Al tipo que murió tal que hoy en 1936 le tocó nacer en España. De haberlo hecho en cualquier otro país, no digamos Estados Unidos o en el Reino Unido —o Francia, donde lo tenían en palmitas—, habría más calles a su nombre de las que tiene —unas cuantas. Las he comprobado. Algo es algo—, y sería considerado poco menos que una gloria nacional. Pero le tocó nacer en España, y con eso ya está todo dicho. El tipo al que me refiero se llamaba Leonardo Torres Quevedo, y como ejemplo de lo que digo ahí va este dato: es el artífice del único invento registrado en España que aparece en el programa MIlestones, algo así como el salón de la fama de la historia de la ingeniería, por su Telekino, presentado en sociedad en Bilbao en 1906; del que luego os contaré algunas cosillas.

Sí, Leonardo Torres Quevedo, uno de los más geniales inventores de finales del siglo XIX y principios del XX. Y español, cántabro de nacimiento, aunque su familia residía en Bilbao; que se instaló en Madrid en 1899 para participar en su vida cultural y todo lo se preciara por entonces: charlas en el Ateneo, creación del Laboratorio de Mecánica Aplicada —más tarde de Automática—, del que sería director, dedicado a la fabricación de instrumentación científica… Miembro de la Real Academia de Ciencias Exactas, Físicas Naturales —de la que fue presidente en 1910—, de la Real Academia Española, Doctor Honoris Causa por La Sorbona, miembro de la sección de Mecánica de la Academia de Ciencias de París… La hostia, vamos.
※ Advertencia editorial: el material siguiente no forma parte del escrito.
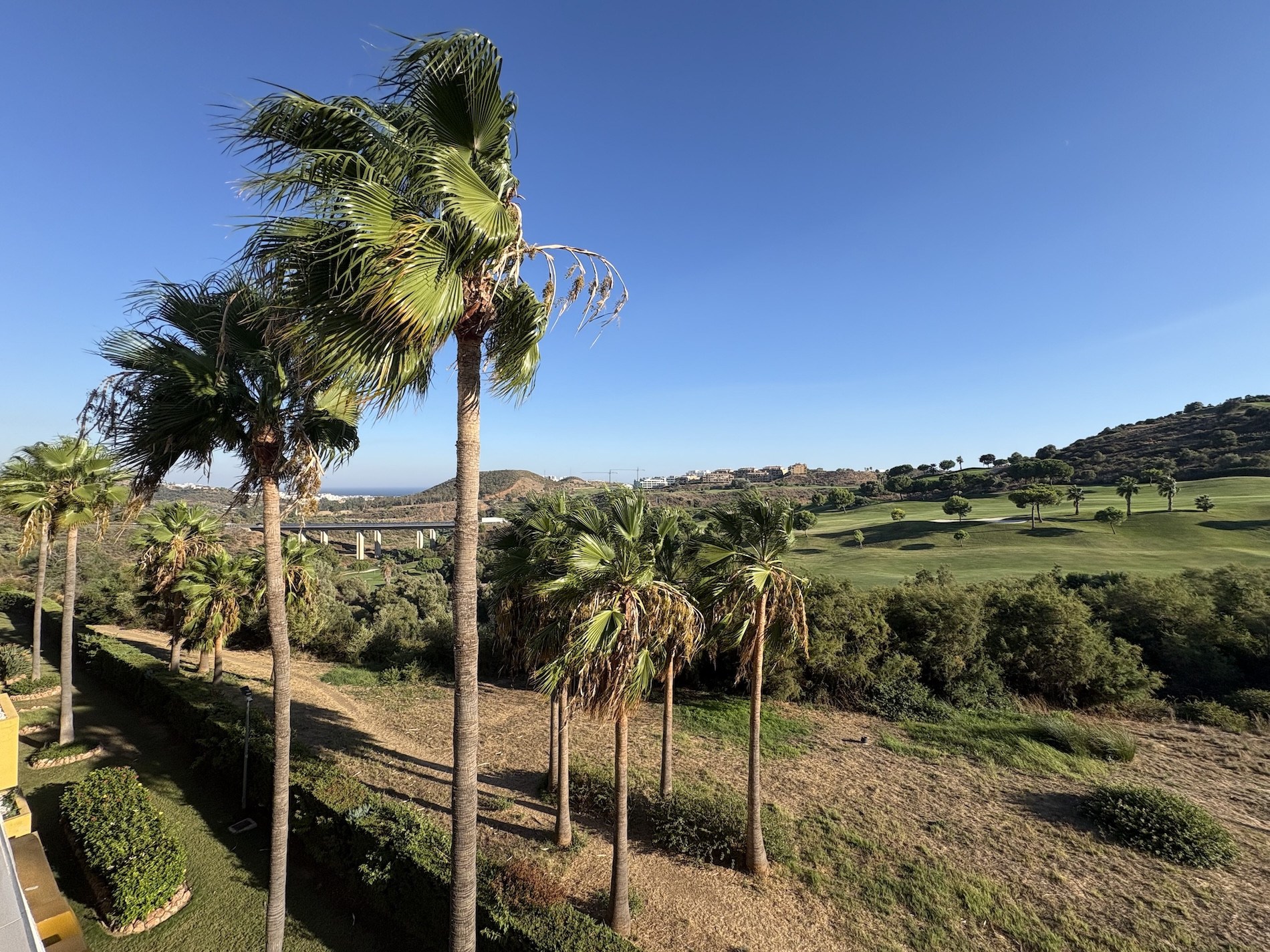 Piso de 2 Dormitorios y 2 Baños en venta en La Cala de Mijas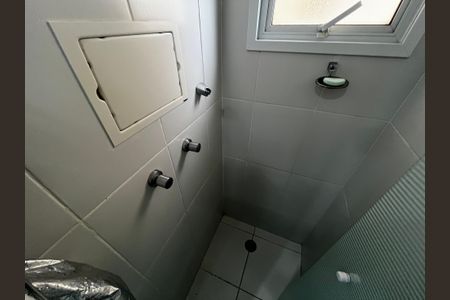 Apartamento à venda com 122m², 4 quartos e 2 vagasBanheiro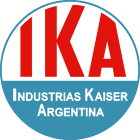 Logo Ika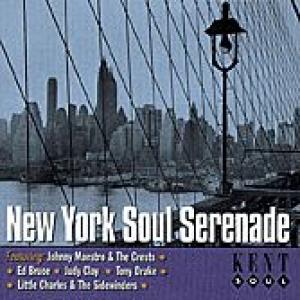 various: new york soul serenade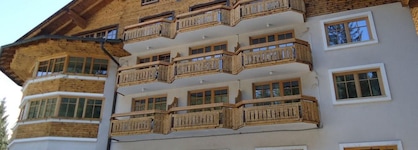 Hotel Ribno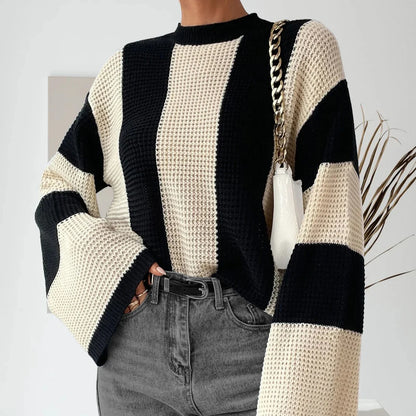 Francesca Knit Sweater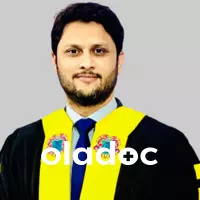 Dr. Ashfaq Hussain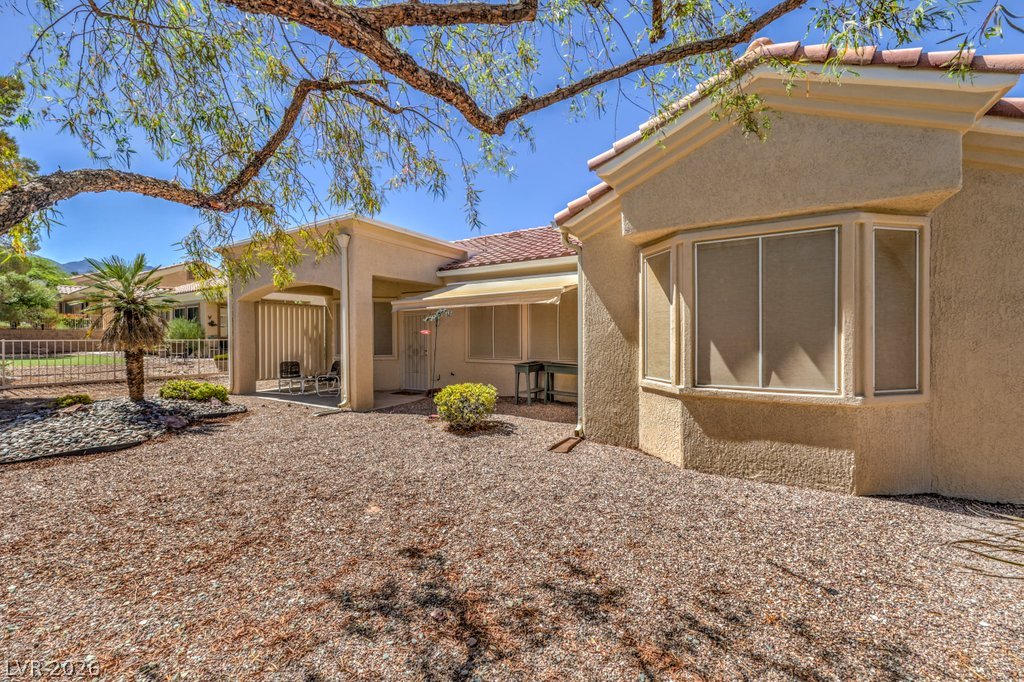 10701 Sky Meadows Avenue Las Vegas NV 89134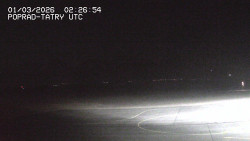 Panorama Výsokých Tater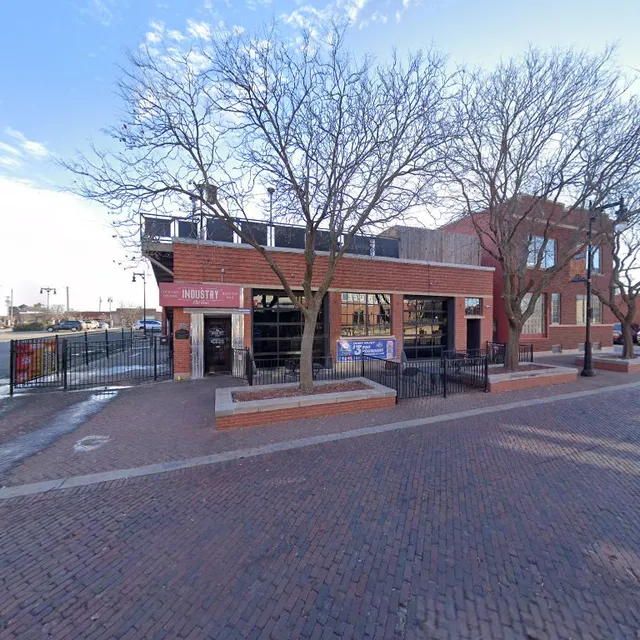 O'Larney's Pub and Rooftop Bar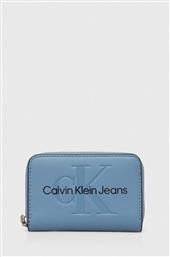 ΠΟΡΤΟΦΟΛΙ ΧΡΩΜΑ: ΑΣΠΡΟ CALVIN KLEIN JEANS από το ANSWEAR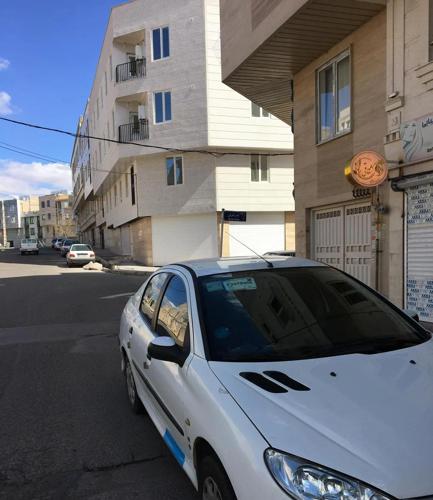 پژو 206 SD V1، مدل ۱۳۹۰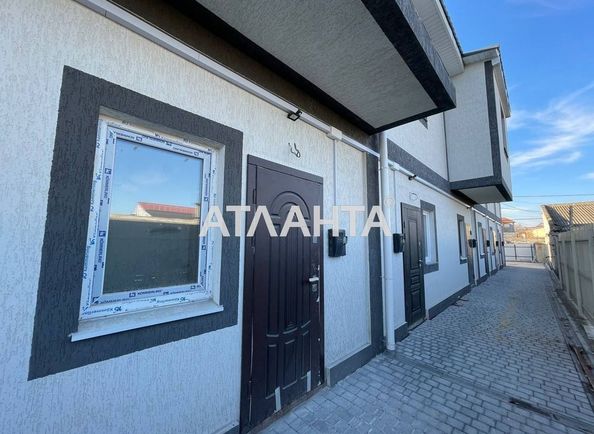 1-room apartment apartment by the address st. Litovskaya (area 33 m²) - Atlanta.ua - photo 2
Incluso rechazó ser ministro de Fomento en 1918. Que conocía el percal, vamos. Lo suyo era inventar, desarrollar cosas, hacer más sencilla la vida al prójimo. Cosas serias, en definitiva.

Vale, pero ¿qué cosas?, os estaréis preguntando. A ver, ¿cuántos habéis visitado las cataratas del Niágara? Los que lo hayáis hecho, ¿recordáis ese transbordador que cruza de orilla a orilla? Pues es suyo. Del año 1916. Y aún está operativo, oigan; o el dirigible Astra-Torres, que a diferencia de otros modelos se caracterizaba por su flexibilidad. Tanta, que podía plegarse. Sí, como un papel. Y, claro, los franceses de Astra, empresa que se alió con él, dando palmas con las orejas. Y con las mismas prestaciones que el Zeppelin. Dirigibles que fueron utilizados por los ejércitos francés e inglés durante la Primera Guerra Mundial. Incluso llegó a diseñar uno para transportar pasajeros, el Hispania, que nunca se llegó a construir.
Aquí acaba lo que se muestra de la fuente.